The average time interval from time 1 to time 2 (social worker authorization discharge to administrative discharge) was 89 min (ranging from 72 to 135 min) and the medical divisions with the highest mean times were surgery and internal medicine. The median was 74 min (ranging from 54 to 113 min), and the medical divisions with the highest median values were surgery, pediatrics, and internal medicine.
For the time interval from time 2 to time 3 (administrative discharge to real patient discharge), the mean values of the medical division where patients took the longest were gynecology and obstetrics (58 min). In addition, the services of male patients (69 min), female patients (79 min), and transplants (80 min), the last three belonging to the medical division of internal medicine.
The services with the highest median time values during this phase were the burns unit (56 min) belonging to medical division of Surgery, the area of gynecology and obstetrics (50 min), the services of male patients (55 min), and transplants (68 min) from the medical division of internal medicine.
The results of this month studied (administrative discharge to real patient discharge), projected in an annual setting, and resulted in a total of six hospital beds per year that are being occupied (2.4% of annual bed/day hospital capacity), independently of the mandatory time for cleaning and sanitation.
A total of US$ 959,220 ($14,348,304 MNX) were the projection of the annual hospital cold bed. The cost for cold beds, in 2015, represented 1.31% of the annual hospital budget and 31.45% of the annual hospital bed/day budget in the Academic Medical Center studied (Fig. 1).
Discussion
To the best of our knowledge, this is the first study conducted in a high-middle-income country and in Mexico that addresses the issue of hospital cold bed. The results highlight that the Academic Medical Center studied had a hidden hospital bed capacity, in 2015, due to cold beds11.
This problem has been addressed with the possibility to achieve better control of the volume of patients without having to make a capital investment, through more effective and efficient management of existing resources6,11.
A cold bed represented in this study as the time period from time 2 to time 3 (administrative discharge to real patient discharge) did not generate real patient discharges or hospital revenues. The reported hospital bed occupancy rate could be lower than the real one, if consider only the hospital informatics system. Moreover, the opportunity to allocate a bed to a patient was delay and the impact on this regard was not evidence with this study.
This direct cost for cold bed will be higher in a developed country according to the bed/day cost or in private sector due to hospitality5.
The limitations of this study included but not limited to were not possible to identify if the real patient discharge was delay due to other hospital processes in which participate both physicians (including students at bachelor or graduate level) and nurse staff.
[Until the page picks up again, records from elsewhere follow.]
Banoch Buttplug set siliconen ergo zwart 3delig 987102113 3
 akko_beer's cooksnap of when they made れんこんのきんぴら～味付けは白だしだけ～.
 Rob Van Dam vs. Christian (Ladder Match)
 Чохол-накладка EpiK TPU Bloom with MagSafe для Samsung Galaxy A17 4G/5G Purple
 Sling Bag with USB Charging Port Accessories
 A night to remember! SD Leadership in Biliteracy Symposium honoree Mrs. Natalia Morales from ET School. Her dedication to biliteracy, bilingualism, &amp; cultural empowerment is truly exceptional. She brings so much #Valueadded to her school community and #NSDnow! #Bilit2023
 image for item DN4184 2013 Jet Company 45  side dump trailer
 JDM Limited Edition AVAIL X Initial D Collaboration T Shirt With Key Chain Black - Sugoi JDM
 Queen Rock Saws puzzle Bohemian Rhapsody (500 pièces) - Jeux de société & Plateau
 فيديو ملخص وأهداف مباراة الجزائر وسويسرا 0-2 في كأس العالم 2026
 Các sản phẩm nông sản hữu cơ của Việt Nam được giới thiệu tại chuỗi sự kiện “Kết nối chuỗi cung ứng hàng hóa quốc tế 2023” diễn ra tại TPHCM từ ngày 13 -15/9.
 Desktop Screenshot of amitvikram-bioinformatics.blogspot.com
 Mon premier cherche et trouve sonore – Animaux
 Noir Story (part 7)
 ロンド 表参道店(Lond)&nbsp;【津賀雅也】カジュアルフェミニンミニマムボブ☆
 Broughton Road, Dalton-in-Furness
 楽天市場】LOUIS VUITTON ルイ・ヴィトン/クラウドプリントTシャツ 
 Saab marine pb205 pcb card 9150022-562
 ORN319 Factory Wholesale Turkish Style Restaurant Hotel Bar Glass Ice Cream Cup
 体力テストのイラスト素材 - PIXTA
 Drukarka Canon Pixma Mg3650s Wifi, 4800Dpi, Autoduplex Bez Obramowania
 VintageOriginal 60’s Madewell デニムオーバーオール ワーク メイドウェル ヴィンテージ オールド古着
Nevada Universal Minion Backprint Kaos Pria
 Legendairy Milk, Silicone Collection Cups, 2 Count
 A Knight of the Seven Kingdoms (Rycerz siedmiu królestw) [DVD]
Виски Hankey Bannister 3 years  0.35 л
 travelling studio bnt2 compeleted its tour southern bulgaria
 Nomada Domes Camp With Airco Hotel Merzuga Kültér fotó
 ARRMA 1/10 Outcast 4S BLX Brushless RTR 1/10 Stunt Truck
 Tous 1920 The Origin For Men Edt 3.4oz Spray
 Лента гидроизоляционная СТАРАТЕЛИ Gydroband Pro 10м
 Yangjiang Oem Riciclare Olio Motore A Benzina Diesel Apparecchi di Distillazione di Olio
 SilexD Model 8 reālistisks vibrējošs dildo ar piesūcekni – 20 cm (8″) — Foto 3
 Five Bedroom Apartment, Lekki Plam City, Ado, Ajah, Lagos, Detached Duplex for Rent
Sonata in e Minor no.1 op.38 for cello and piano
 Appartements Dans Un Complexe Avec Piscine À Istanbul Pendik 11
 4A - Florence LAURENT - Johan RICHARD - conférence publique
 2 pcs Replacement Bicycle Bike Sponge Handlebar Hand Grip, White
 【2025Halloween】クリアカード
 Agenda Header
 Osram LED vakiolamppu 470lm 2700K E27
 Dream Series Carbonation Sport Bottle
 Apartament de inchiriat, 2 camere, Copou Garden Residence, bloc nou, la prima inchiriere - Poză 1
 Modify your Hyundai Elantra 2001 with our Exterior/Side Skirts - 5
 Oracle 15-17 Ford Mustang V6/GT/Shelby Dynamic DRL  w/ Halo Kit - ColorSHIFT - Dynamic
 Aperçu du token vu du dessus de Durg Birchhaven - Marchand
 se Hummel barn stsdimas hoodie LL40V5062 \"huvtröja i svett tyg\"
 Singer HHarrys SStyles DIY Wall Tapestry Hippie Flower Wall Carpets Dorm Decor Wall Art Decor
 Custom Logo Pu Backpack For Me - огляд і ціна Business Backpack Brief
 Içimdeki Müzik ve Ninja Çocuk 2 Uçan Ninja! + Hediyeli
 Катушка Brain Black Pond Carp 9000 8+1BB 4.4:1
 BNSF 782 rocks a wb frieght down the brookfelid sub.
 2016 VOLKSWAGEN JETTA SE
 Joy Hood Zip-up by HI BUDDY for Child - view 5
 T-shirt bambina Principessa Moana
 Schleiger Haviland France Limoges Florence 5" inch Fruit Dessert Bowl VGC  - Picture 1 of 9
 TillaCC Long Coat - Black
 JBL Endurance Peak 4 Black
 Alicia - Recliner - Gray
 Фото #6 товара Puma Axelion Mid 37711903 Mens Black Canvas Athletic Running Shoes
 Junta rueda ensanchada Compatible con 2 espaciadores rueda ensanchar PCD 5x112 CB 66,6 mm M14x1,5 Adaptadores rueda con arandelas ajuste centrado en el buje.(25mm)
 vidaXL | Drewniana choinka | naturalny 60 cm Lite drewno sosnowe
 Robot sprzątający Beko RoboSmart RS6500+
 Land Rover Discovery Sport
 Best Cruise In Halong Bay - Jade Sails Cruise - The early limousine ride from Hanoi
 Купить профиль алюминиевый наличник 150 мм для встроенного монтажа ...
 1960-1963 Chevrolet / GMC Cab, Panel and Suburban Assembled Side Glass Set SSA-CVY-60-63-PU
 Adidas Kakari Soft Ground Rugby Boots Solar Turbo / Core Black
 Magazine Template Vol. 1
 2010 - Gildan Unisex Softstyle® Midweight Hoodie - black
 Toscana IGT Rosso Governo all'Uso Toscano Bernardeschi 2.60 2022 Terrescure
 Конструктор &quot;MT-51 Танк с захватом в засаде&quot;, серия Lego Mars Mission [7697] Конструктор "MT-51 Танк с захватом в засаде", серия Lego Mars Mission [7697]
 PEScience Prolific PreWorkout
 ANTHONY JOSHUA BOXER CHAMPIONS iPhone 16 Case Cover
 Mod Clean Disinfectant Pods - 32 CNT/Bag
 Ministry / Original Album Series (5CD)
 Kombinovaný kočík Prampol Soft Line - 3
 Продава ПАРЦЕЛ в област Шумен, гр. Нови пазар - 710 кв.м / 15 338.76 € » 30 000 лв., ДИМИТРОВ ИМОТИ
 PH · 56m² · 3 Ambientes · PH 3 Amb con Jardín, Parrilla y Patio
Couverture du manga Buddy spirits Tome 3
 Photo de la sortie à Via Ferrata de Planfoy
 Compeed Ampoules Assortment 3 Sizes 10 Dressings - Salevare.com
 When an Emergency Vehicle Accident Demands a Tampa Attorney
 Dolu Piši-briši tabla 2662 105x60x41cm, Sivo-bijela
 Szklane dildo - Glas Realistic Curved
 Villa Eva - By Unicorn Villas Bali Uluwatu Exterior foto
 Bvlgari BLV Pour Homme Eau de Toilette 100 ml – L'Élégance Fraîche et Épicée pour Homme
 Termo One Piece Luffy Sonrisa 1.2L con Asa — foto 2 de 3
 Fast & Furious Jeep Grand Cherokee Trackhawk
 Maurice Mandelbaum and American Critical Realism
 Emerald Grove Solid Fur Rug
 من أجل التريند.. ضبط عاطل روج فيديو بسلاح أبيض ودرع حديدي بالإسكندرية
The follow-up was only 1 month and the shortest month in 2015. Some patients and their families decided to stay one more night at the hospital because no transportation to their municipalities was available afternoon or late in the afternoon.
These results will be different from those presented in non-Academic Medical Centers or in private hospitals, in which the cold bed cost is charged in the bed occupancy.
Conclusions
Quality improvement initiatives must be implemented to allocate beds to patients more efficiently as well as to simplify both administrative and real patient discharge. The discharge process must be standardized to reduce bed/day direct hospital costs. Finally, it is necessary to make stakeholders aware of how this situation affects other patients who have to wait for a hospital bed in areas including recovery rooms or intensive care units because beds are unavailable, and how the consequences of this situation lead to a lower quality of care.